Condition of service and main line: Appeared serviceable
Location of main water meter: By street
Water service: Public
Water pressure (psi): 60 psi
Service pipe material: Not determined (inaccessible or obscured)
Condition of supply lines: Appeared serviceable
Supply pipe material: Copper
Condition of drain pipes: Appeared serviceable
Drain pipe material: Plastic
Condition of waste lines: Appeared serviceable
Waste pipe material: Plastic
Vent pipe condition: Appeared serviceable
Vent pipe material: Plastic
Visible fuel storage systems: None
26) One or more water supply pipes in the crawl space were uninsulated. Recommend insulating pipes as per standard building practices for better energy efficiency and to prevent water pipes from freezing.

Photo 35  
Some water supply pipes in crawl space not insulated.
 

27) The inspector did not determine the location of the main water shut-off valve. The client should consult with the property owner to determine if a shut-off valve exists, find it themselves, or hire a qualified plumber if necessary to find it. If no shut-off valve is found for the structure, then recommend having a qualified plumber install one to more easily allow the water supply to be turned off in the event of an emergency, such as when a supply pipe bursts.
 
Water Heater Return to table of contents
Limitations: Evaluation of and determining the adequacy or completeness of the following items are not included in this inspection: water recirculation pumps; solar water heating systems; Energy Smart or energy saver controls; catch pan drains. Any comments made regarding these items are as a courtesy only. Note that the inspector does not provide an estimate of remaining life on water heaters, does not determine if water heaters are appropriately sized, or perform any evaluations that require a pilot light to be lit or a shut-off valve to be operated.
Condition of water heater: Appeared serviceable
Type: Tank
Energy source: Electricity
Capacity (in gallons): Not determined
Manufacturer: Kenmore
Location of water heater: Closet
28) The water heater did not have seismic straps or struts installed. This is a potential safety hazard in the event of an earthquake due to the risk of the water heater tipping over, gas lines breaking if it's gas-fired, or electric wiring being damaged if powered by electricity. Leaks can also occur in water-supply pipes. A qualified person should install seismic straps or struts as necessary and per standard building practices.

Photo 28  
No seismic straps at water heater.
 

29) The estimated useful life for most water heaters is 8-12 years. The inspector was unable to determine the age of the water heater due to the manufacturer's label being obscured, no serial number being visible, or the serial number not clearly indicating the age. The client should be aware that this water heater may be near, at or beyond its useful life and may need replacing at any time. Recommend attempting to determine the water heater's age.
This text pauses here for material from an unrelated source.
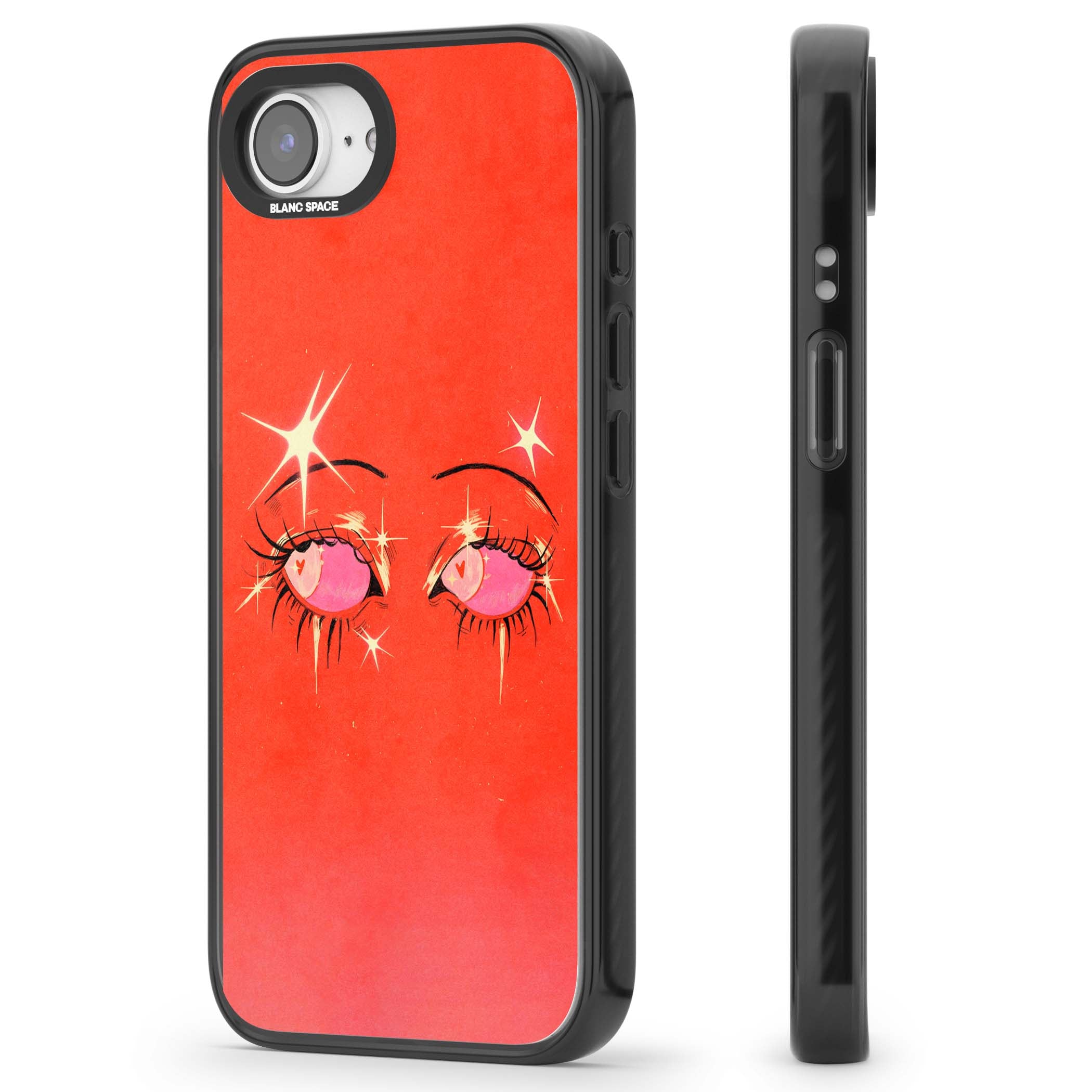 Pink Ethereal Eyes anime iPhone case featuring hand-drawn sparkly eyes with pink hearts and gold stars on red | Black Impact Magsafe case for iPhone 16e, iPhone 17e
If found to be near, at or beyond its useful lifespan, recommend budgeting for a replacement in the near future, or considering replacement now before any leaks occur. The client should be aware that significant flooding can occur if the water heater does fail. If not replaced now, consider having a qualified person install a catch pan and drain or a water alarm to help prevent damage if water does leak.

30) A permanently installed insulated jacket was installed on the water heater. It obscured the manufacturer's information label and/or most of the water heater. The inspector was unable to fully evaluate the water heater.

Photo 27  
Insulated blanket on water heater.
 
 
Heating Return to table of contents
Limitations: The following items are not included in this inspection: humidifiers, dehumidifiers, electronic air filters; solar, coal or wood fired heat systems; thermostat or temperature control accuracy and timed functions; heating components concealed within the building structure or in inaccessible areas; underground utilities and systems; safety devices and controls (due to automatic operation). Any comments made regarding these items are as a courtesy only. Note that the inspector does not provide an estimate of remaining life on heating system components, does not determine if heating systems are appropriately sized, or perform any evaluations that require a pilot light to be lit. It is beyond the scope of this inspection to determine if furnace heat exchangers are intact and free of leaks.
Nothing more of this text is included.